(Directions for this task): Exact copies of all the lines below are required, with the pictures omitted.

(Input for this task):
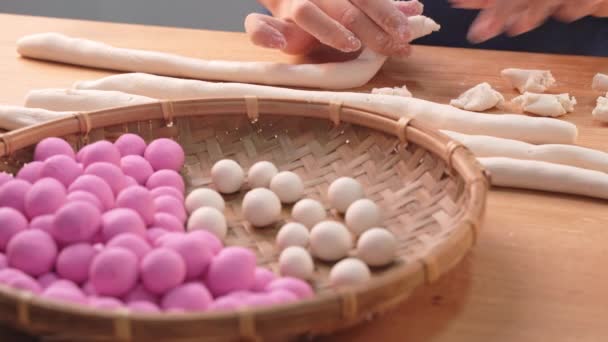 Asia Girl Making Tang Yuan Yuan Xiao Chinese Traditional Food — Stock video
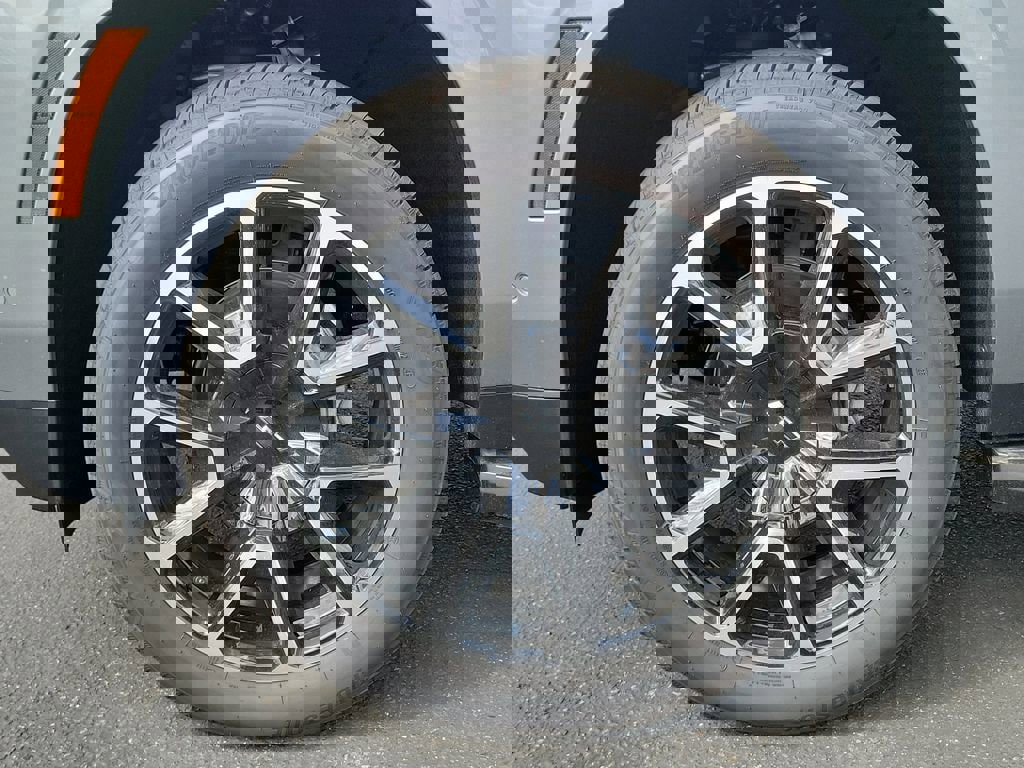 New 2026 Chevrolet Suburban RST w/ Comfort Package image 26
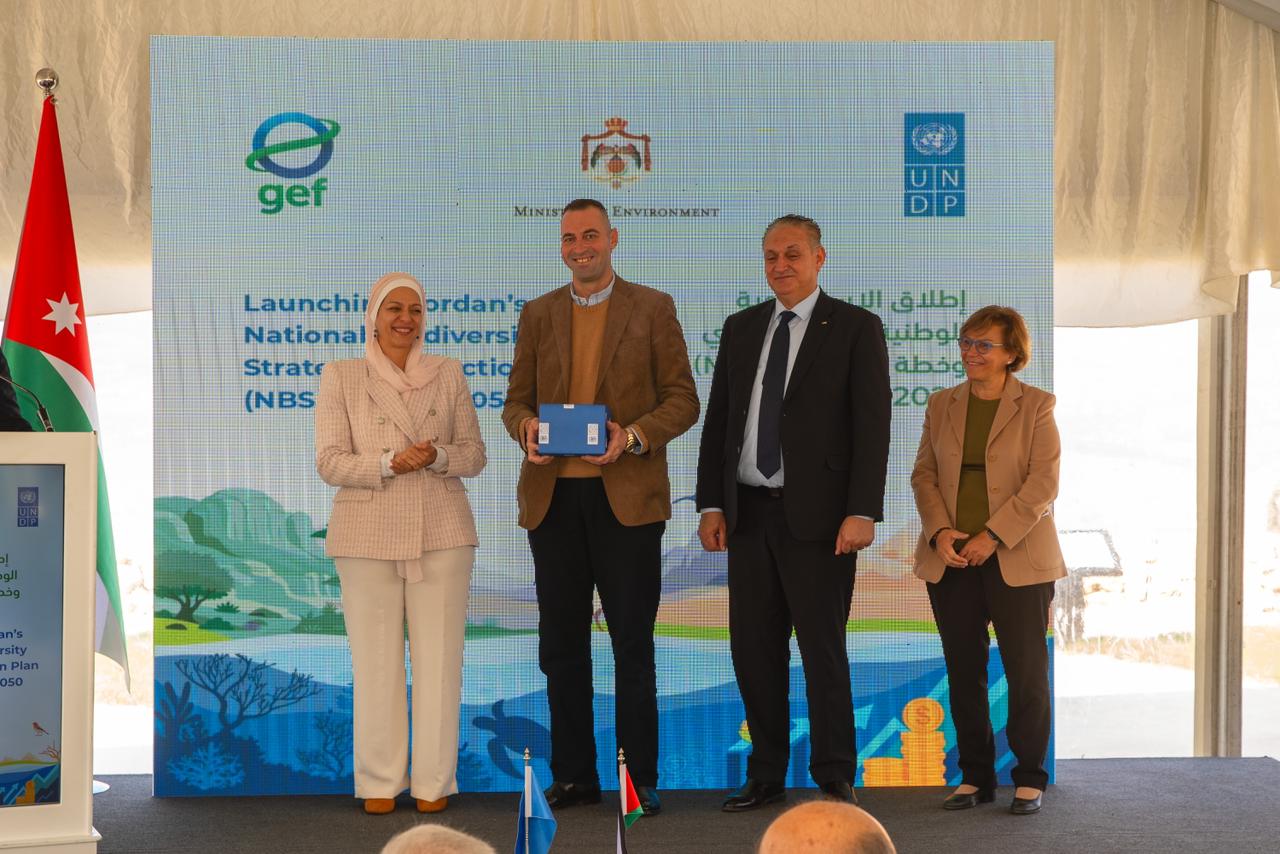 Madar Al-Saa Images 0.8613521934976236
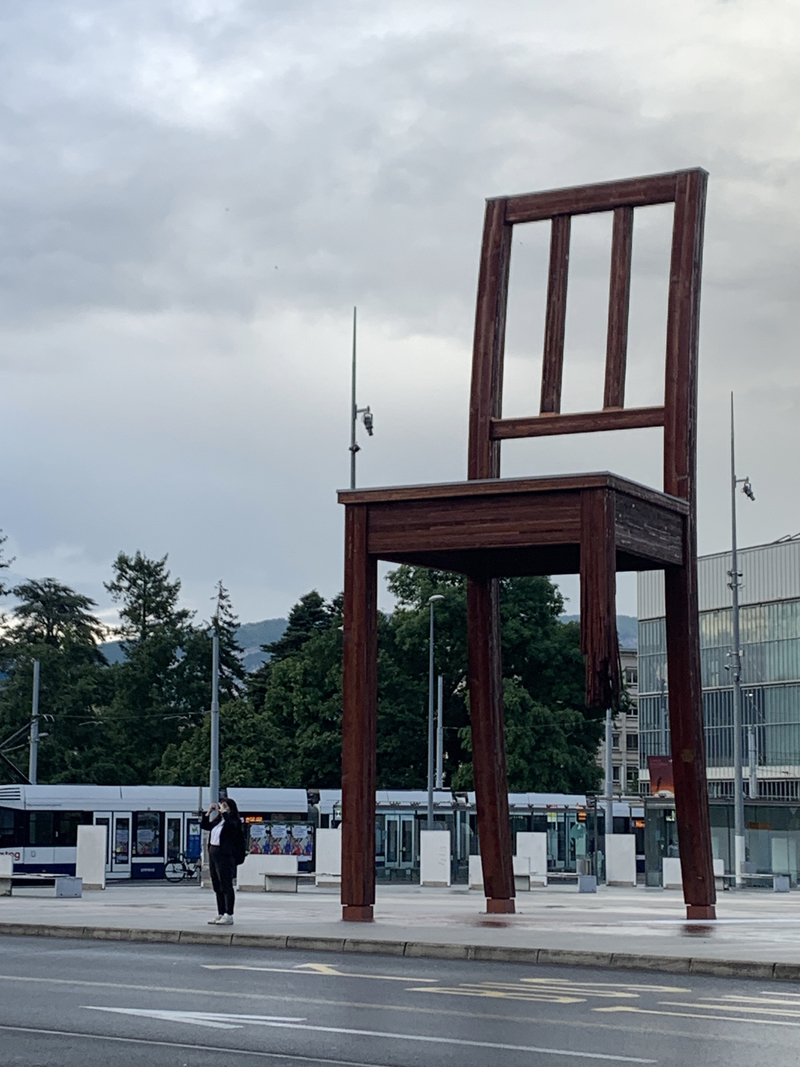 在日內瓦萬國宮前的「三腳椅」（Broken Chair），原為紀念地雷受害者而立。但站在它面前，我忍不住想：我們能否讓世界覺得，缺少台灣的全球衛生，也像一張少了一隻腳的椅子？（攝影／劉汗曦）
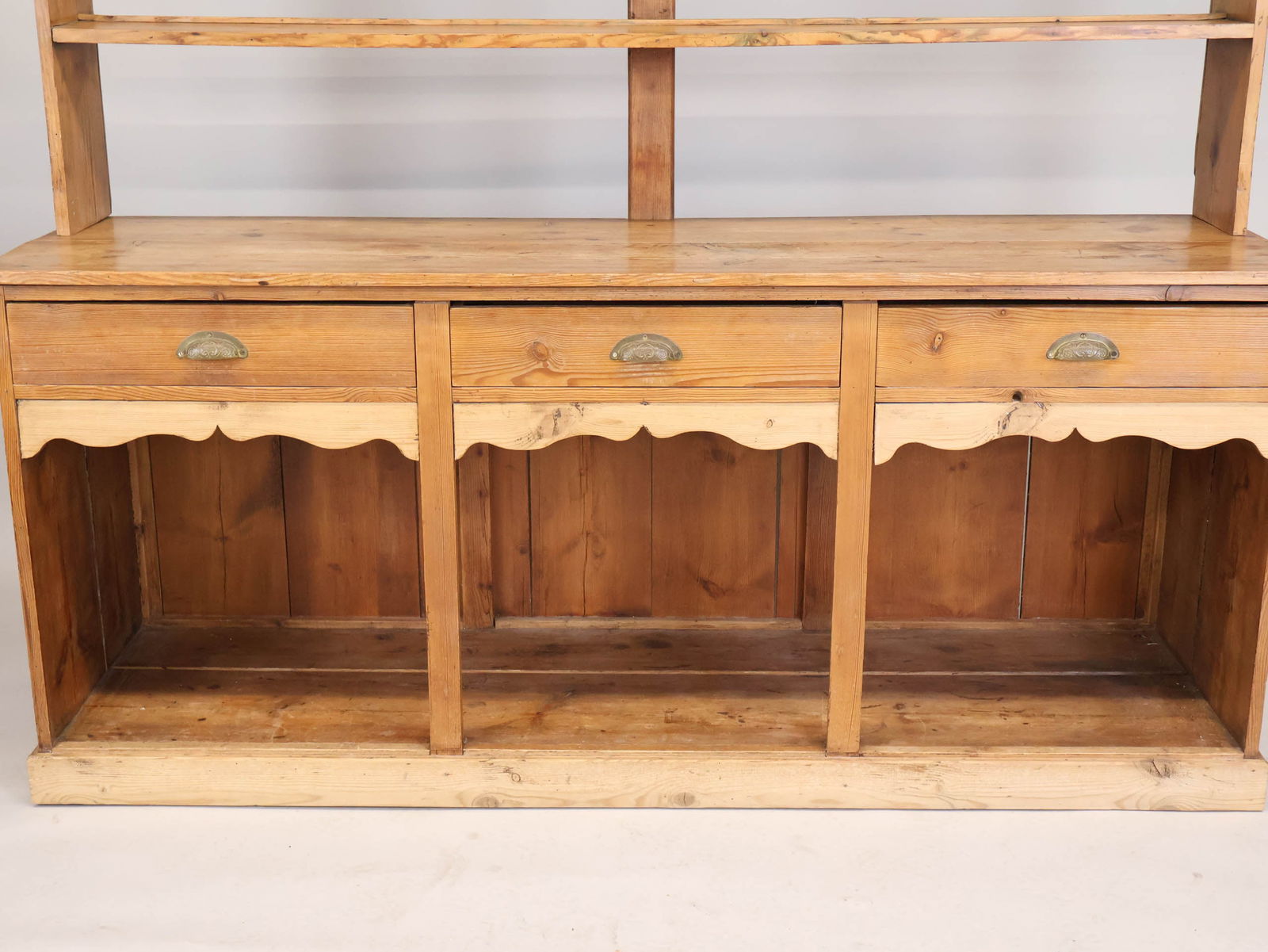 English Pine Welsh Cupboard - 3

(Solution to this problem):
 Asia Girl Making Tang Yuan Yuan Xiao Chinese Traditional Food — Stock video
 New 2026 Chevrolet Suburban RST w/ Comfort Package image 26
 Madar Al-Saa Images 0.8613521934976236
 在日內瓦萬國宮前的「三腳椅」（Broken Chair），原為紀念地雷受害者而立。但站在它面前，我忍不住想：我們能否讓世界覺得，缺少台灣的全球衛生，也像一張少了一隻腳的椅子？（攝影／劉汗曦）
 English Pine Welsh Cupboard - 3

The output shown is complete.